Literature DB >> 24052324

Intent recognition in a powered lower limb prosthesis using time history information.

Aaron J Young1, Ann M Simon, Nicholas P Fey, Levi J Hargrove.   

Abstract

New computerized and powered lower limb prostheses are being developed that enable amputees to perform multiple locomotion modes. However, current lower limb prosthesis controllers are not capable of transitioning these devices automatically and seamlessly between locomotion modes such as level-ground walking, stairs and slopes. The focus of this study was to evaluate different intent recognition interfaces, which if configured properly, may be capable of providing more natural transitions between locomotion modes. Intent recognition can be accomplished using a multitude of different signals from mechanical sensors on the prosthesis. Since these signals are non-stationary over any given stride, and gait is cyclical, time history information may improve locomotion mode recognition.

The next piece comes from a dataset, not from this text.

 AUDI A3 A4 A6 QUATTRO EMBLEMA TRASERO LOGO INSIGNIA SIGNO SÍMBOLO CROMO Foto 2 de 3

The authors propose a dynamic Bayesian network classification strategy to incorporate prior sensor information over the gait cycle with current sensor information. Six transfemoral amputees performed locomotion circuits comprising level-ground walking and ascending/descending stairs and ramps using a powered knee and ankle prosthesis. Using time history reduced steady-state misclassifications by over half (p < 0.01), when compared to strategies that did not use time history, without reducing intent recognition performance during transitions. These results suggest that including time history information across the gait cycle can enhance locomotion mode intent recognition performance.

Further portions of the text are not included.